I started PARS by simply being a sales consultant for a company, and people just gravitated towards us. We provided a transportation service that I never even knew was part of the fleet business when I first started. In the fleet business, as long as you provide a service and are good with it, the customers will be yours forever. We don’t use the word ‘customers,’ but rather partners. It is a big difference for us. We partner with whoever we are doing business with. Their concerns are our concerns.
What is it that makes PARS unique?
In the beginning, we used to just pick up a car from Point A and deliver it to Point B. We now not only pick up and deliver; there are a host of other things as well. We take a lot of all the in-between reporting out and provide them with a service that’s far more than a pickup and delivery service.
In all of our orders we have special things that are important to that customer. No two customers are the same, so we tailor our service to the customer’s needs. When a customer has a certain project that they need, we work on it with them, we develop a procedure and then we just go on from there.
Our offices know we have a set of parameters that go with every single order. It gets right down to the driver. If there is a windshield that is cracked, let’s get it repaired. We know where they get their windshields repaired; we know where to do the maintenance on the vehicle; if there is an accident we know which company we are dealing with. We are providing the eyes and ears for the customer. If it doesn’t need it, we don’t do it.
How do you select your drivers?
We have quality drivers who are all well screened in advance. We do complete DMV checks on them as well as background checks just to make sure that we are not hiring people that would not show well for both PARS and the customer. We are very concerned about the customer safety: we are delivering a lot of cars to customers’ homes and we just want to make sure we have the right person doing that.

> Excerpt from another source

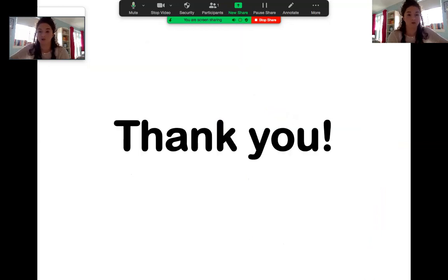That brings us to the end of my talk on the Glasgow curriculum. If anyone has any questions about the Glasgow curriculum feel free to send us an email and I'll try and get back to you. Thanks very much for listening!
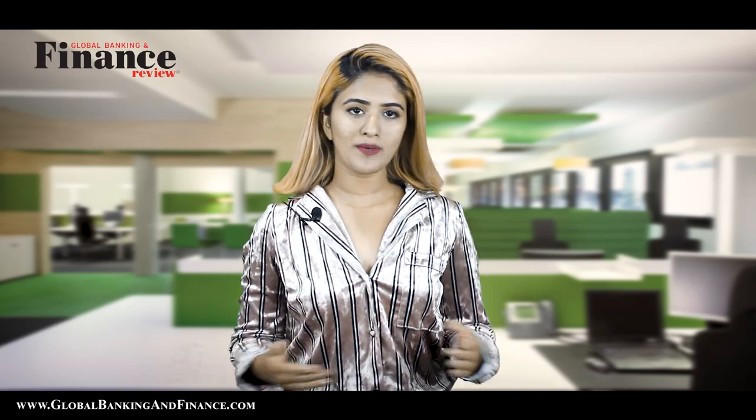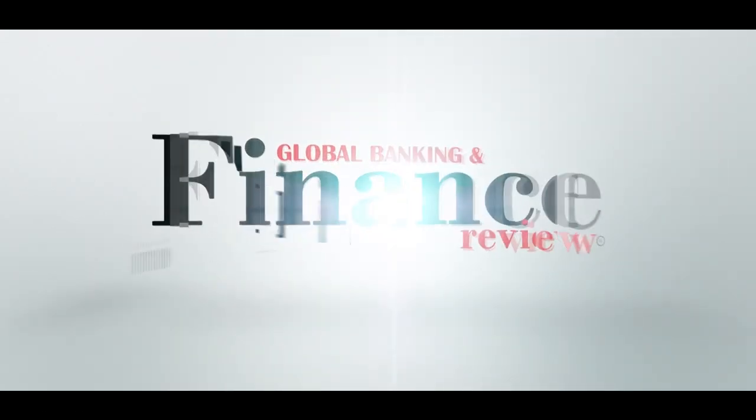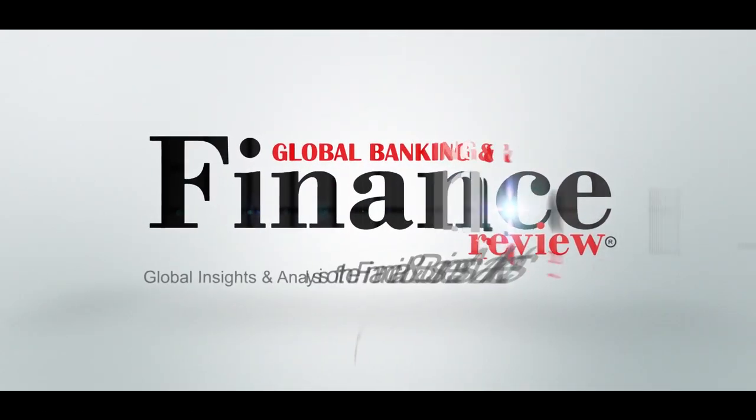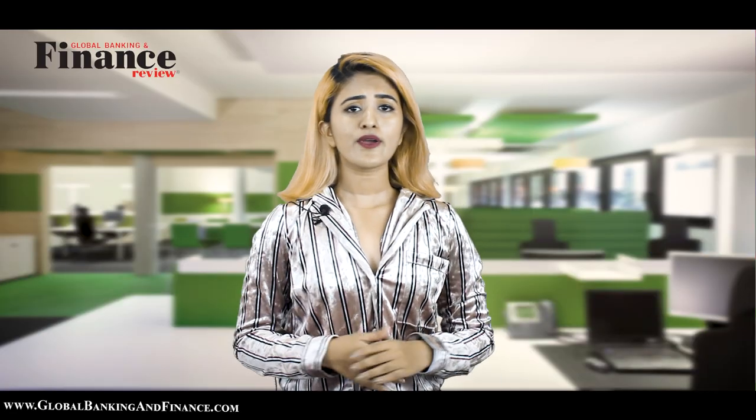Welcome to another episode of Global Banking and Finance Video. My name is Deepika Lobo. Today we are going to talk about spending with debit and credit cards.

We have very low turnover in our drivers. For the most part, our drivers can work when they want to work. We have almost 400 drivers available to us all of the time. And if we call and they are busy today, that’s fine and we just move on to the next driver. We don’t keep just a certain group of drivers on staff 24 hours a day; we just rely on many drivers in each area.
Where do you think the vehicle relocation business is headed?
More and more companies are dependent on transportation. We have a full arrangement of storage available for our customers. In the past, if the car was not being used it would just be sold and then they would just purchase another one. Now, fleets are much better at running a cost analysis on the price and longevity of their vehicles.
Down the road I think this is going to be a major global service, with everything done electronically. We will be thinking the same thing that the customer is thinking, so we’ll know in advance that they have a shortage of vehicles on the West Coast or they have a shortage of vehicles on the East Coast. We will have their vehicles in different locations, and we’ll be able to supply those vehicles to them.